The BenQ W100 digital home theater projector offers a reasonably well laid out menu system that is very easy to navigate. In addition, after some basic initial setup options (like how long you want menus to appear on the screen before they turn off, or what background color gets projected if there is no source signal), most features are directly accessable from the remote with specific buttons (Brightness, Contrast...).
The image is the main image menu (you can see the 5 different main menus across the top). BenQ doesn't give them formal names.

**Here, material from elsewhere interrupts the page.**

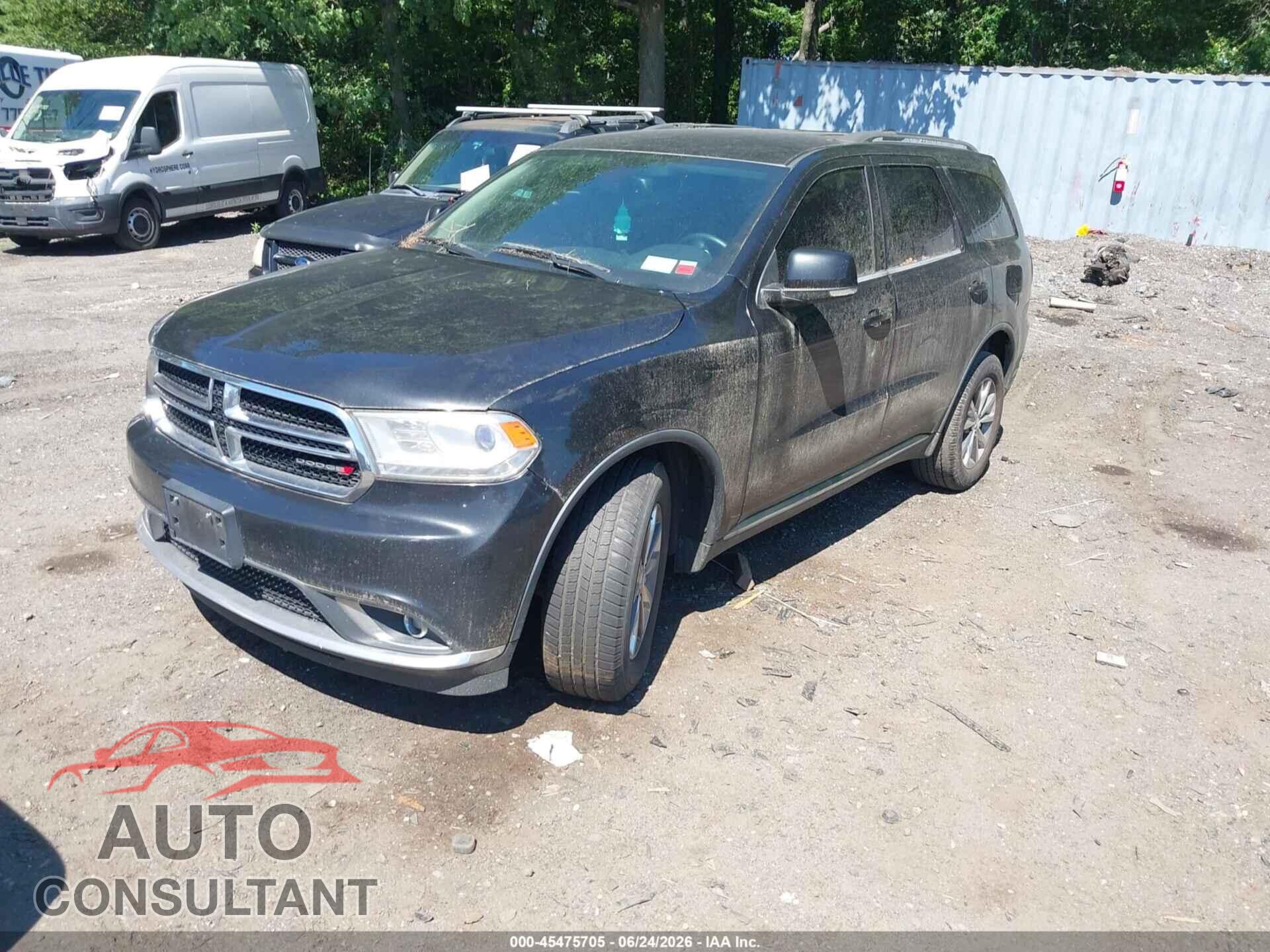 DODGE DURANGO 2014 - 1C4RDJDG9EC443794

Note in particular, that the image shows Movie as the preset (application mode) and Color Temp is T2. In reality, we did most viewing of movies, set for Cinema, and primarily used T4 which is the correct color temperature for movies (6500K).
This deals with audio (yep, the BenQ has a speaker), OSD time (how long the menus stay on the screen, and other general settings, these are all pretty much "set once and forget" settings.
The other "settings menu, below, shows settings for ceiling mounting or rear screen, as well as whether you want the projector to automatically scan for a live source (most people prefer this off, as it can be pain). There's a high altitude mode where the fan runs faster, for you mountain folks (or those with a hot room?) And of greatest interest is the Lamp Power mode labeled Economic mode, which controls the projector's brightness (and lamp life).
In addition there is a status menu, and an aspect ratio menu, neither merit images.
User Memory Settings
This is too easy - the BenQ doesn't have any user savable settings. It does however remember the previous settings for a device. If you were watching a DVD for example, in Cinema mode with a T4 color setting, and switched to HDTV in Family room mode with a T3 setting, when you next go back to the DVD, the projector will be back in Cinema and T4, etc. For a projector designed for the simplest effort in operation, that's about all you need!
BenQ W100 as a Business Projector
While it can be used for business, and thanks to a 7 segment wheel (one is clear) for extra lumens, it's not bad on your basic Powerpoint type presentation, but if you are trying to do small type, such as email, spreadsheets, and Word documents, the compression of taking a typical 1024x768 laptop down to a usable 640x480 (for normal 4:3 computers) means hard to read, not pretty text. For the occasional presenter, sticking to large type presentations, it may be OK, and if you are a widescreen laptop user, with a 1280x800 laptop (like my Dell), it does do the widescreen well, but the compression is still a problem.